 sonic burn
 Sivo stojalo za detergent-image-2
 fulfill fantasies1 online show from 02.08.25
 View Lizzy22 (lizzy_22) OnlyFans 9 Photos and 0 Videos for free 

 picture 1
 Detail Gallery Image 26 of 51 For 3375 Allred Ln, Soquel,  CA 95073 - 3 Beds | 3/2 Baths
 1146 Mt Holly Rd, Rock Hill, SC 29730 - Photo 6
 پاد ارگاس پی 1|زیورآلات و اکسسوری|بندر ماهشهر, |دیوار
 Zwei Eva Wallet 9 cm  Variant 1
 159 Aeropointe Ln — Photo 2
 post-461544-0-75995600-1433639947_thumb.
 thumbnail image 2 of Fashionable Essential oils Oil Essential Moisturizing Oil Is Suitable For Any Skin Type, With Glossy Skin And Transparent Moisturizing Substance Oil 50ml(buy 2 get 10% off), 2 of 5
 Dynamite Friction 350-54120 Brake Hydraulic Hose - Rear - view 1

○ ○ ○ ○ ○

### WHAT IS BEING ASKED
Only the lines from the line with "post-461544-0-75995600-1433639947_thumb." to the final line of the entries are to be returned, each exactly as written, both ends included.

### TASK OUTPUT
 post-461544-0-75995600-1433639947_thumb.
 thumbnail image 2 of Fashionable Essential oils Oil Essential Moisturizing Oil Is Suitable For Any Skin Type, With Glossy Skin And Transparent Moisturizing Substance Oil 50ml(buy 2 get 10% off), 2 of 5
 Dynamite Friction 350-54120 Brake Hydraulic Hose - Rear - view 1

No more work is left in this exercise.